Also, catalyst degradation is a serious problem during the practical application of PEMFCs. Previous studies have shown the degradation mechanisms of Pt/C catalysts, which involve the following three aspects: (1) electrochemical Ostwald ripening,^15–17 (2) coalescence of Pt NPs via aggregation or migration on the carbon support,^4,18 and (3) Pt NP agglomeration triggered by the corrosion of the carbon support.^4,19 Current research and development efforts are devoted to elucidating and quantifying the above-mentioned proposed mechanisms by various approaches. In general, in terms of Pt NP growth, the pathways can be classified into two categories. One is the Pt NP transport on the carbon support surface through migration, followed by coalescence, and the other is the evaporation of Pt atoms from one particle, and then their condensation on another one in a process. Sun et al.²⁰ reported the coalescence behavior of Pt NPs and illustrated the strong anchoring effect of TaO_x towards Pt NPs, which hinders the migration, coalescence and detachment of Pt NPs from the support. However, it lacked intuitive observation, which hampers in depth insight into the degradation mechanisms. Analytical in situ transmission electron microscopy (TEM) offers a powerful tool to directly visualize the microstructural variation at the nanometer scale and atomic scale during reactions,^21–24 thus making it feasible to investigate the dynamic microstructural variation in Pt/C catalysts. Wu et al.²⁵ performed a series of in situ liquid cell TEM experiments to quantitatively analyze the dissolution kinetics of Pt NPs in a mixed solution of HAuCl₄ and KCl, where the etching rate of the Pt NP corners is much larger than that of the edges and the terraces. Yao et al.²⁶ used in situ TEM to investigate the coalescence mechanism of carbon-supported Pt-alloy catalysts (such as PtFe₃, PtCo₃, and PtNi₃) as a function of temperature, highlighting the different coalescence behaviors of different Pt-alloy catalysts. Although in situ TEM characterization is used in some reports on Pt-based electrocatalysts, the structural evolution of Pt NPs in commercial Pt/C catalysts during their operation is still insufficient based on current research, and thus further research is needed.

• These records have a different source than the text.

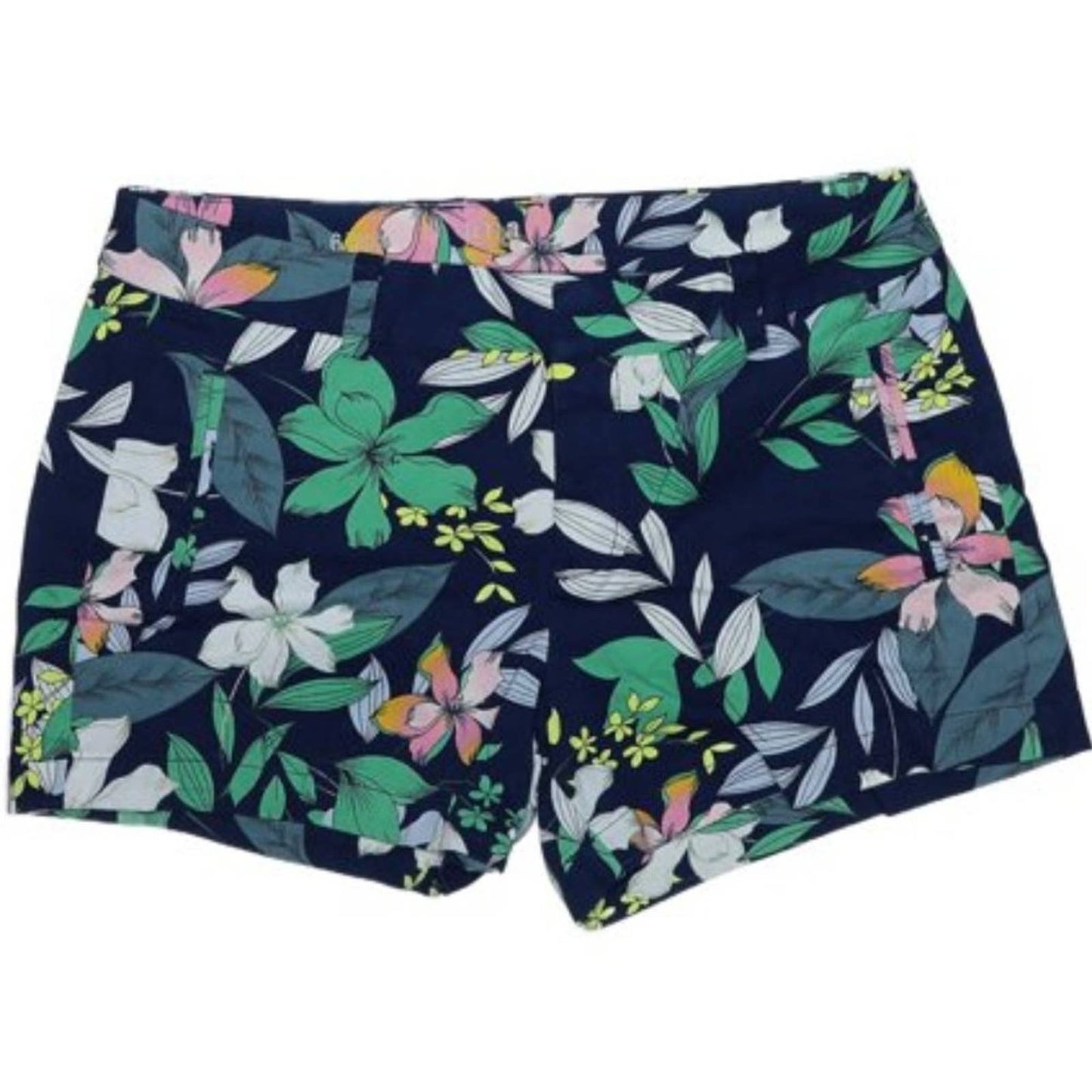 A.N.A. Floral Twill Shorts 3.5 inch inseam NWT Size 8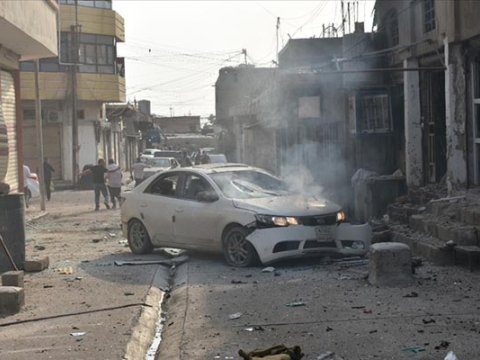 İraqda polis bölməsinə hücum edən şəxs öldürüldü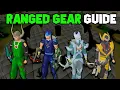 Full Ranged Gear Guide OSRS Range Weapons Armour guide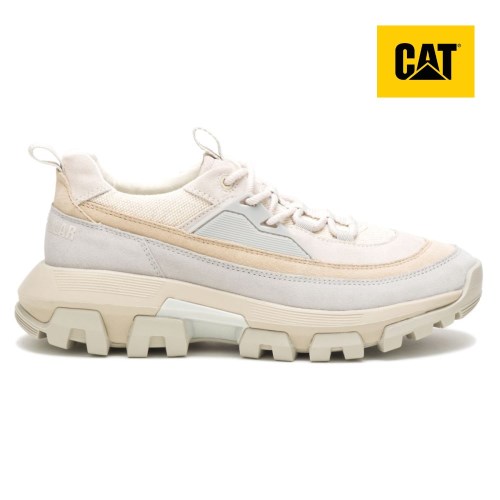 CAT Raider Lace Women's Sneakers Beige (AU Y-789) Australia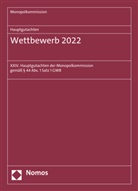 Monopolkommission - Hauptgutachten. Wettbewerb 2022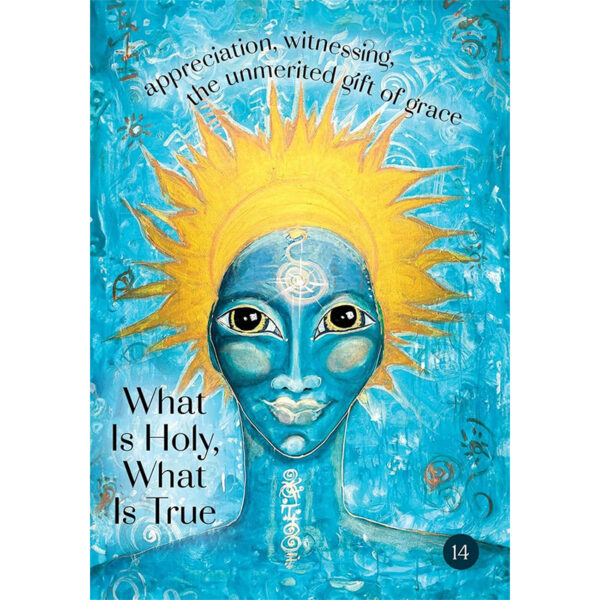 Guides of the Hidden Realms Oracle 4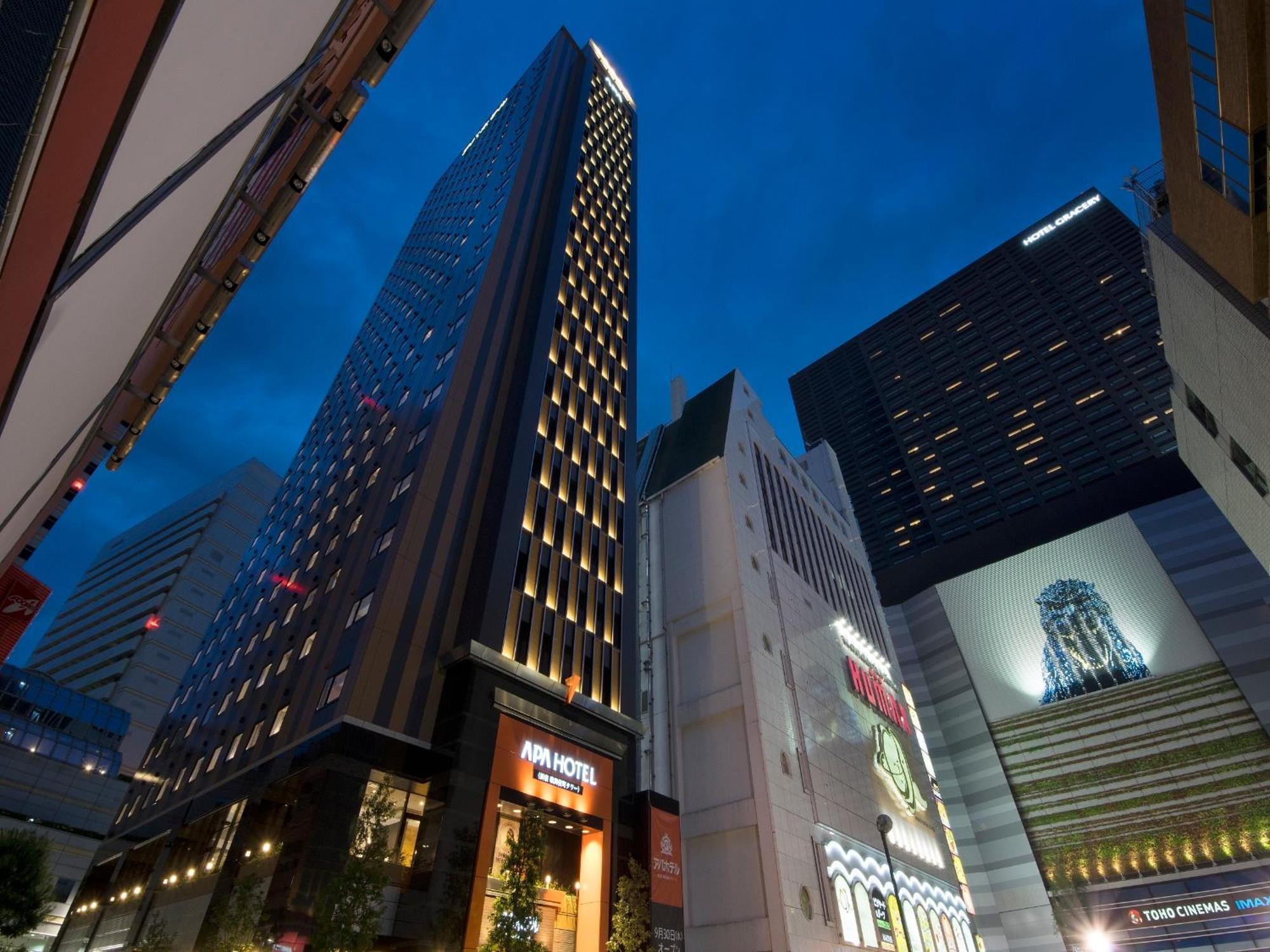 Apa Shinjuku Kabukicho Tower Hotel 3*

In this work, we present a complete description of three commercial Pt/C catalysts, which can identify their merits and disadvantages to help screen efficient and robust electrocatalysts among catalyst manufacturers that meet long-term performance degradation requirements. Subsequently, the optimized Pt/C catalysts were assembled into s membrane electrode assembly (MEA), and then their real fuel cell vehicle application was realized. After operating for 1800 h, the performance of the Pt/C catalysts degraded. We identified the variations in the catalysts by comparing them with the corresponding fresh catalyst. To further understand the degradation mechanism, in situ structural observation of the Pt NPs was performed by TEM combined with a temperature-driven process. The results pave the way to reveal an atomistic view of the transformation processes of the Pt component during the application of catalysts and can help formulate design rules for developing advanced carbon supports and metal components.

2 Experimental

2.1 Catalyst characterization

Commercial electrocatalysts (Pt/C, 54 wt% Cat.A, 47 wt% Cat.B, and 40 wt% Cat.C) were purchased from different catalyst manufacturers. All electrocatalysts were investigated as received without any treatments. Comparative studies on the carbon supports and active metals for the three commercial Pt/C catalysts were carried out using multiple methods. The specific surface area and pore size distribution of the electrocatalysts were obtained from nitrogen adsorption–desorption curves according to the Brunauer–Emmett–Teller (BET) and t-plot method, respectively (Micromeritics ASAP 2002). Raman spectra were collected at 532 nm laser excitation using a Horiba-Jobin-Yvon Raman system equipped with a microscope. The phase structure was identified using a Bruker D5005 X'Pert X-ray diffraction (XRD) diffractometer equipped with Cu Kα radiation (λ = 1.5406 Å). X-ray photoelectron spectroscopy (XPS) was performed using a Thermo Fisher ESCALab 250xi⁺ spectrometer with an Al Kα source (C 1s peak 284.5 eV as reference for calibration). The morphology of the catalysts was characterized using a transmission electron microscope (TEM, FEI Tennai F20). Given that aberration-corrected scanning transmission electron microscopy (Cs-STEM) can provide atomic-scale features, Cs-STEM high-angle annular dark-field (Cs-STEM-HAADF, JEM-ARM200F) was used to obtain the detailed structure of the active components. Combined with an in situ holder (DENSsolutions), in situ TEM was realized to monitor the structural evolution of the Pt NPs driven by temperature.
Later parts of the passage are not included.